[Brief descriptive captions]
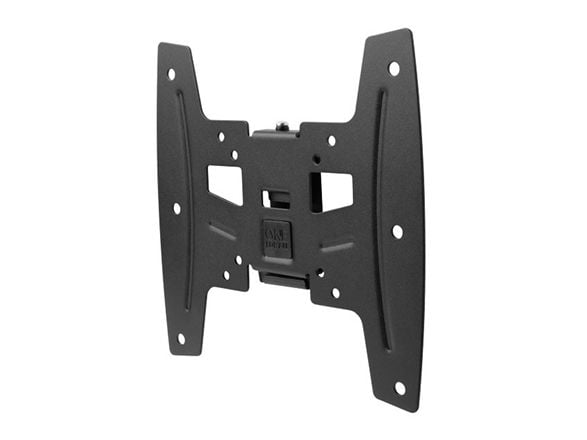One For All SOLID WM 4211 - Monteringssett (veggmontering) - Flat - for flatpanel - skjermstørrelse: 19"-42"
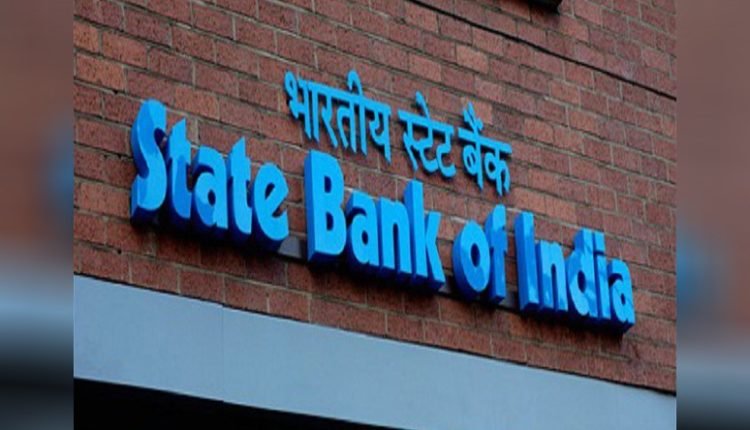 Banks To Remain Closed For Two Consecutive Days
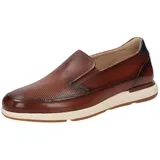 SIOUX Furatino-701 Herren Cognac 41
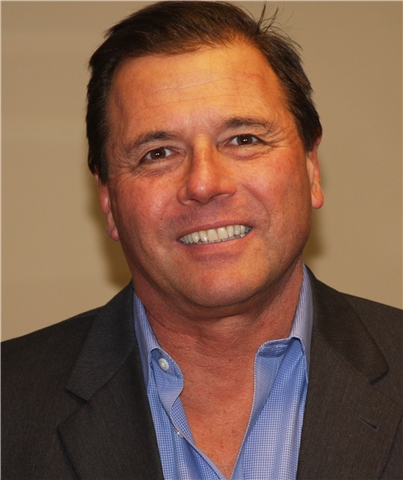 Broker Profile Photo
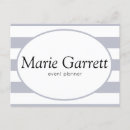 Search for businesscards postcards Elegant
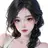 최은서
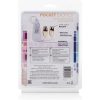 CALEXOTICS - VIBRATING BULLETS GOLD DUO - Afbeelding 2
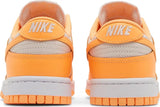 Women’s Nike Dunk Low 'Peach Cream'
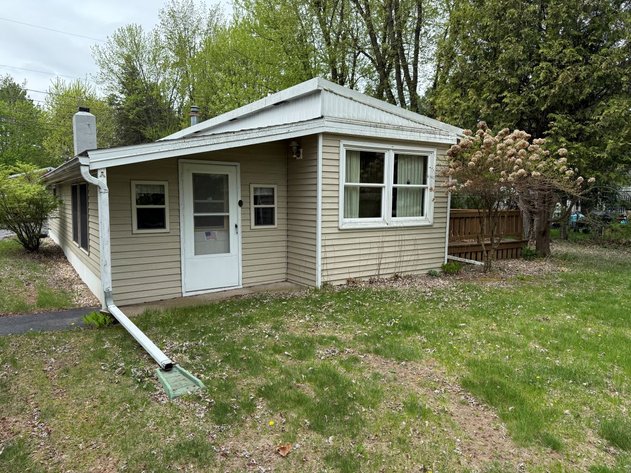 Image for Lakeshore Road Real Estate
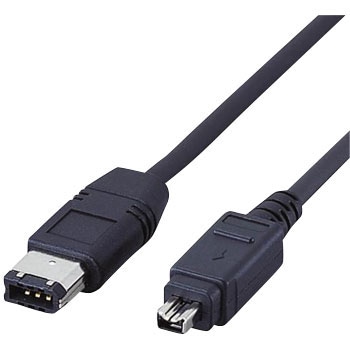 IE-462BK IEEE1394P[u FireWireP[u 4s ubN GR 34929255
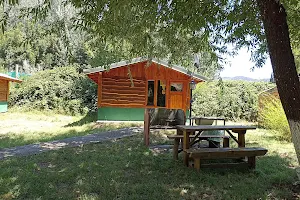 Camping Smata image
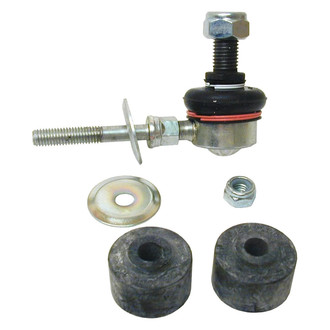 URO Parts® - Suspension Stabilizer Bar Link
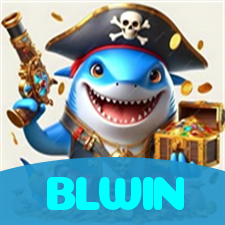 Login no BLWIN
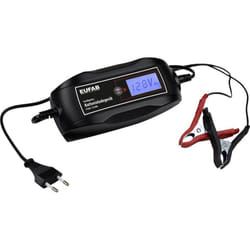 Eufab - Chargeur automatique 16615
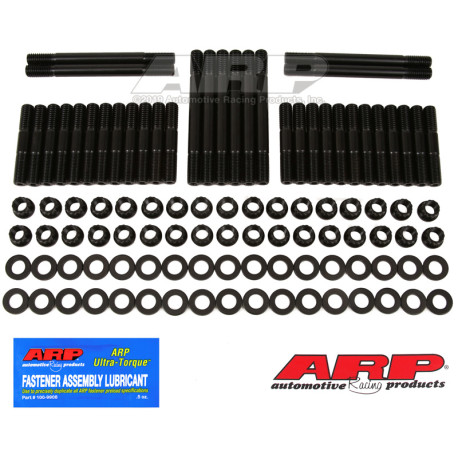 ARP Bolts ARP head stud kit for Chrysler Indy 440 (12-point) | races-shop.com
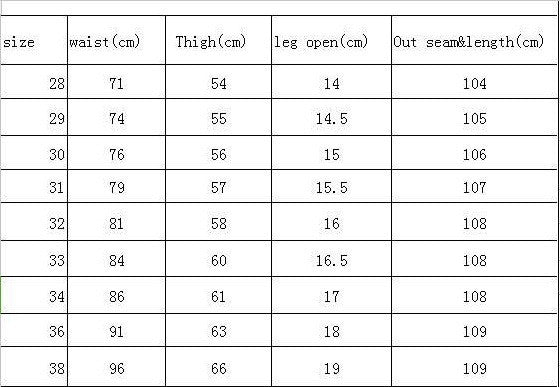 represent clothing designer pants slp blue/black destroyed mens slim denim straight biker skinny jeans men ripped jeans 28-38-Dollar Bargains Online Shopping Australia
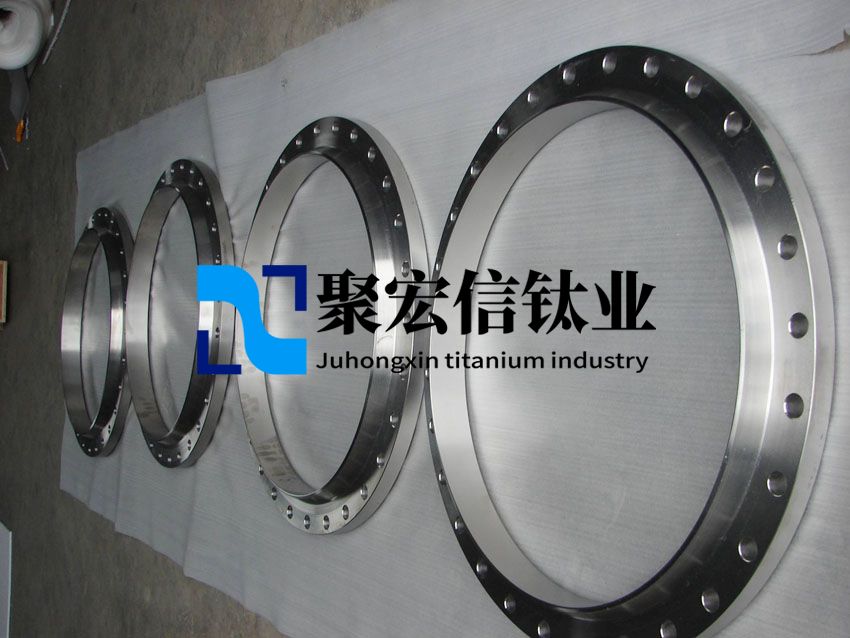 車(chē)削和銑削加工表面塑性變形對(duì)TC4試件疲勞性能的影響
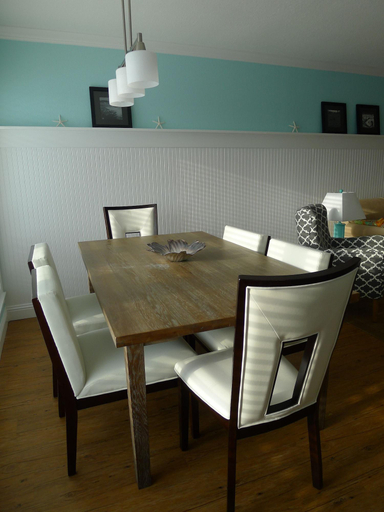 Public Area 3, Executive Keys Condominiums on the Beach, Nueces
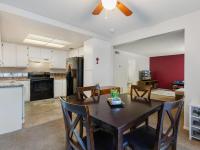 More Details about MLS # 20036495 : 5824 PEPPERMILL COURT #3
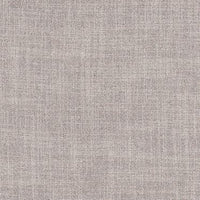 KKF2475-W KKF2475-W-16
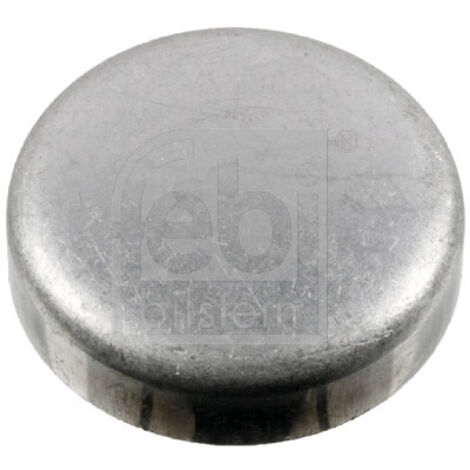 SIGILLANTE 07284 FEBI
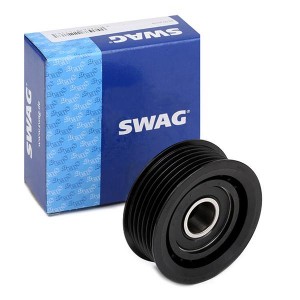 BMW 3-СЕРИЯ E46 (1998-2005) 30 03 0032 SWAG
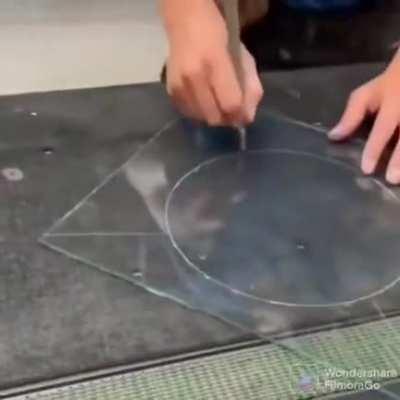 Aww man, that’s sad.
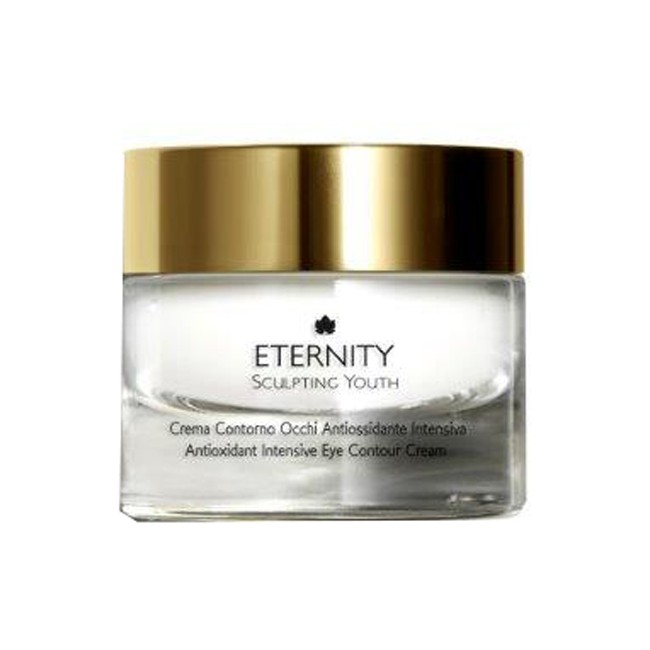 Eleve Eternity Contorno Occhi 15 Ml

__TASK GOAL__.
Reproduce exactly, and only, the part of the entries above that runs from the line with "Women’s Nike Dunk Low 'Peach Cream'" to the last line, both included. Pictures stay out.

__SOLUTION__.
 Women’s Nike Dunk Low 'Peach Cream'
 Image for Lakeshore Road Real Estate
 IE-462BK IEEE1394P[u FireWireP[u 4s ubN GR 34929255
 Camping Smata image
 URO Parts® - Suspension Stabilizer Bar Link
 Login no BLWIN
 Eufab - Chargeur automatique 16615
 ARP Bolts ARP head stud kit for Chrysler Indy 440 (12-point) | races-shop.com
 represent clothing designer pants slp blue/black destroyed mens slim denim straight biker skinny jeans men ripped jeans 28-38-Dollar Bargains Online Shopping Australia
 車(chē)削和銑削加工表面塑性變形對(duì)TC4試件疲勞性能的影響
 Public Area 3, Executive Keys Condominiums on the Beach, Nueces
 More Details about MLS # 20036495 : 5824 PEPPERMILL COURT #3
 KKF2475-W KKF2475-W-16
 SIGILLANTE 07284 FEBI
 BMW 3-СЕРИЯ E46 (1998-2005) 30 03 0032 SWAG
 Aww man, that’s sad.
 Eleve Eternity Contorno Occhi 15 Ml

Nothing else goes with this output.